Stored entries

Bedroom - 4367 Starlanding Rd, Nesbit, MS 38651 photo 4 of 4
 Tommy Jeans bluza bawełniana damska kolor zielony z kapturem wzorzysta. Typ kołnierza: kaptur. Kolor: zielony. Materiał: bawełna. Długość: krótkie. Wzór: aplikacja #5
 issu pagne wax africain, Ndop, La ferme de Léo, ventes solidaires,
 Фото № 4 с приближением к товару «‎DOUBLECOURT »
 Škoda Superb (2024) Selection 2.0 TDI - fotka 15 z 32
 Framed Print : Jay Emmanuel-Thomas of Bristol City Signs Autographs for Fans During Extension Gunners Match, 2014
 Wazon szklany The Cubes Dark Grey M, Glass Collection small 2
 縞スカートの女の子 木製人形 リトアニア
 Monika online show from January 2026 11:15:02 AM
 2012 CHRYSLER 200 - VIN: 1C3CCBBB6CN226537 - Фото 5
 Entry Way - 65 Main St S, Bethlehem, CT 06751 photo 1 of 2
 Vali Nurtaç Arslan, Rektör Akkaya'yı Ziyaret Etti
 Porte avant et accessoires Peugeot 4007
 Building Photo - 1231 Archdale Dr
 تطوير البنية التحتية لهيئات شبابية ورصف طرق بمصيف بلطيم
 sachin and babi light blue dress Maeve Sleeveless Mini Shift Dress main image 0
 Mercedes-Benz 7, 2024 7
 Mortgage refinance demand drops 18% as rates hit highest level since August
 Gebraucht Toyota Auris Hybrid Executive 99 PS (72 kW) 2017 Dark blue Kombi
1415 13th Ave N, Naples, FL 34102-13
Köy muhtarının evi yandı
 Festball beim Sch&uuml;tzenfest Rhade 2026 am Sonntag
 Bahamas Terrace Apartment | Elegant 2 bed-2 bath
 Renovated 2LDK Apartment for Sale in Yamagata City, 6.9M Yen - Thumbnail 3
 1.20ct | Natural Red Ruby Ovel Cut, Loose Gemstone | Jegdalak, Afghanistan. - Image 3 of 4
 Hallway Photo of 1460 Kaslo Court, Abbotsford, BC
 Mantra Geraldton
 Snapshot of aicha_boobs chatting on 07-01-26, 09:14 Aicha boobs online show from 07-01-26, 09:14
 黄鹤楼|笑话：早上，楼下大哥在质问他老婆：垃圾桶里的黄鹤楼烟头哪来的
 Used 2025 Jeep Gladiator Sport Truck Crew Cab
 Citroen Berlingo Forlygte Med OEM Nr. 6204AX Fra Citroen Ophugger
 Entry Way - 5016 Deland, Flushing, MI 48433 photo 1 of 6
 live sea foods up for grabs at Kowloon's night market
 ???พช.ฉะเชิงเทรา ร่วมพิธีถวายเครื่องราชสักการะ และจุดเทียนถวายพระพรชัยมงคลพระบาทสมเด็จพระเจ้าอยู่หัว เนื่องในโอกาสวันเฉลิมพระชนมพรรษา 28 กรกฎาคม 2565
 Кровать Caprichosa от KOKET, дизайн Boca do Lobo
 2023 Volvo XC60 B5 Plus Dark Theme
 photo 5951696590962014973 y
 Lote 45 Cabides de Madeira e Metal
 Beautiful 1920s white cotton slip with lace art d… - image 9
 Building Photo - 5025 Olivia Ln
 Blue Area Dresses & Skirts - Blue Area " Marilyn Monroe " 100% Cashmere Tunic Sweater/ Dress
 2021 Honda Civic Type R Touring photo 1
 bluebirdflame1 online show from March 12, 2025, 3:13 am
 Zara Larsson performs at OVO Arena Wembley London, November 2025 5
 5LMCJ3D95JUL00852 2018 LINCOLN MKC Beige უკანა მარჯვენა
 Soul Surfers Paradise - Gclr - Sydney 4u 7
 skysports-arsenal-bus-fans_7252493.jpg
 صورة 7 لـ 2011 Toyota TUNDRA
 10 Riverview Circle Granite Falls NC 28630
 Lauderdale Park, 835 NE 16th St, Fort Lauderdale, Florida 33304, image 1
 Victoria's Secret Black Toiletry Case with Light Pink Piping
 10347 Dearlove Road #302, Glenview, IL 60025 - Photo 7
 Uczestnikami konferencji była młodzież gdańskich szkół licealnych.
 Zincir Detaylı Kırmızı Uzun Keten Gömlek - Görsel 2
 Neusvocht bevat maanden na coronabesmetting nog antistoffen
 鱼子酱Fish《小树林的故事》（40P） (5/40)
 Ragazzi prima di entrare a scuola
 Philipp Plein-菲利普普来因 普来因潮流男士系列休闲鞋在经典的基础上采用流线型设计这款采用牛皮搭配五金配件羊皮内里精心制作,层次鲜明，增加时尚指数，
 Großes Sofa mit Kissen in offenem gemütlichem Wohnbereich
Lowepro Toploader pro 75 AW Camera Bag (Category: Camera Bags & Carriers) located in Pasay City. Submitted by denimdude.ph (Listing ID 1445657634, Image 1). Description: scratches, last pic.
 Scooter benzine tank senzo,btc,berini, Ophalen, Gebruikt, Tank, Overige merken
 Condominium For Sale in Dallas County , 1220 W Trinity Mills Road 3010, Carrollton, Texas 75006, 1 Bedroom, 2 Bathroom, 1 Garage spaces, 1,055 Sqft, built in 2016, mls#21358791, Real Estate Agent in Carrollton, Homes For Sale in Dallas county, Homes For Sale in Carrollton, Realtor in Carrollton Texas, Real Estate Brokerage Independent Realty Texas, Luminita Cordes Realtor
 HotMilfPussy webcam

Instructions for the task
Each line of the data is to be written out again exactly.

Solution for this problem
Bedroom - 4367 Starlanding Rd, Nesbit, MS 38651 photo 4 of 4
 Tommy Jeans bluza bawełniana damska kolor zielony z kapturem wzorzysta. Typ kołnierza: kaptur. Kolor: zielony. Materiał: bawełna. Długość: krótkie. Wzór: aplikacja #5
 issu pagne wax africain, Ndop, La ferme de Léo, ventes solidaires,
 Фото № 4 с приближением к товару «‎DOUBLECOURT »
 Škoda Superb (2024) Selection 2.0 TDI - fotka 15 z 32
 Framed Print : Jay Emmanuel-Thomas of Bristol City Signs Autographs for Fans During Extension Gunners Match, 2014
 Wazon szklany The Cubes Dark Grey M, Glass Collection small 2
 縞スカートの女の子 木製人形 リトアニア
 Monika online show from January 2026 11:15:02 AM
 2012 CHRYSLER 200 - VIN: 1C3CCBBB6CN226537 - Фото 5
 Entry Way - 65 Main St S, Bethlehem, CT 06751 photo 1 of 2
 Vali Nurtaç Arslan, Rektör Akkaya'yı Ziyaret Etti
 Porte avant et accessoires Peugeot 4007
 Building Photo - 1231 Archdale Dr
 تطوير البنية التحتية لهيئات شبابية ورصف طرق بمصيف بلطيم
 sachin and babi light blue dress Maeve Sleeveless Mini Shift Dress main image 0
 Mercedes-Benz 7, 2024 7
 Mortgage refinance demand drops 18% as rates hit highest level since August
 Gebraucht Toyota Auris Hybrid Executive 99 PS (72 kW) 2017 Dark blue Kombi
1415 13th Ave N, Naples, FL 34102-13
Köy muhtarının evi yandı
 Festball beim Sch&uuml;tzenfest Rhade 2026 am Sonntag
 Bahamas Terrace Apartment | Elegant 2 bed-2 bath
 Renovated 2LDK Apartment for Sale in Yamagata City, 6.9M Yen - Thumbnail 3
 1.20ct | Natural Red Ruby Ovel Cut, Loose Gemstone | Jegdalak, Afghanistan. - Image 3 of 4
 Hallway Photo of 1460 Kaslo Court, Abbotsford, BC
 Mantra Geraldton
 Snapshot of aicha_boobs chatting on 07-01-26, 09:14 Aicha boobs online show from 07-01-26, 09:14
 黄鹤楼|笑话：早上，楼下大哥在质问他老婆：垃圾桶里的黄鹤楼烟头哪来的
 Used 2025 Jeep Gladiator Sport Truck Crew Cab
 Citroen Berlingo Forlygte Med OEM Nr. 6204AX Fra Citroen Ophugger
 Entry Way - 5016 Deland, Flushing, MI 48433 photo 1 of 6
 live sea foods up for grabs at Kowloon's night market
 ???พช.ฉะเชิงเทรา ร่วมพิธีถวายเครื่องราชสักการะ และจุดเทียนถวายพระพรชัยมงคลพระบาทสมเด็จพระเจ้าอยู่หัว เนื่องในโอกาสวันเฉลิมพระชนมพรรษา 28 กรกฎาคม 2565
 Кровать Caprichosa от KOKET, дизайн Boca do Lobo
 2023 Volvo XC60 B5 Plus Dark Theme
 photo 5951696590962014973 y
 Lote 45 Cabides de Madeira e Metal
 Beautiful 1920s white cotton slip with lace art d… - image 9
 Building Photo - 5025 Olivia Ln
 Blue Area Dresses & Skirts - Blue Area " Marilyn Monroe " 100% Cashmere Tunic Sweater/ Dress
 2021 Honda Civic Type R Touring photo 1
 bluebirdflame1 online show from March 12, 2025, 3:13 am
 Zara Larsson performs at OVO Arena Wembley London, November 2025 5
 5LMCJ3D95JUL00852 2018 LINCOLN MKC Beige უკანა მარჯვენა
 Soul Surfers Paradise - Gclr - Sydney 4u 7
 skysports-arsenal-bus-fans_7252493.jpg
 صورة 7 لـ 2011 Toyota TUNDRA
 10 Riverview Circle Granite Falls NC 28630
 Lauderdale Park, 835 NE 16th St, Fort Lauderdale, Florida 33304, image 1
 Victoria's Secret Black Toiletry Case with Light Pink Piping
 10347 Dearlove Road #302, Glenview, IL 60025 - Photo 7
 Uczestnikami konferencji była młodzież gdańskich szkół licealnych.
 Zincir Detaylı Kırmızı Uzun Keten Gömlek - Görsel 2
 Neusvocht bevat maanden na coronabesmetting nog antistoffen
 鱼子酱Fish《小树林的故事》（40P） (5/40)
 Ragazzi prima di entrare a scuola
 Philipp Plein-菲利普普来因 普来因潮流男士系列休闲鞋在经典的基础上采用流线型设计这款采用牛皮搭配五金配件羊皮内里精心制作,层次鲜明，增加时尚指数，
 Großes Sofa mit Kissen in offenem gemütlichem Wohnbereich
Lowepro Toploader pro 75 AW Camera Bag (Category: Camera Bags & Carriers) located in Pasay City. Submitted by denimdude.ph (Listing ID 1445657634, Image 1). Description: scratches, last pic.
 Scooter benzine tank senzo,btc,berini, Ophalen, Gebruikt, Tank, Overige merken
 Condominium For Sale in Dallas County , 1220 W Trinity Mills Road 3010, Carrollton, Texas 75006, 1 Bedroom, 2 Bathroom, 1 Garage spaces, 1,055 Sqft, built in 2016, mls#21358791, Real Estate Agent in Carrollton, Homes For Sale in Dallas county, Homes For Sale in Carrollton, Realtor in Carrollton Texas, Real Estate Brokerage Independent Realty Texas, Luminita Cordes Realtor
 HotMilfPussy webcam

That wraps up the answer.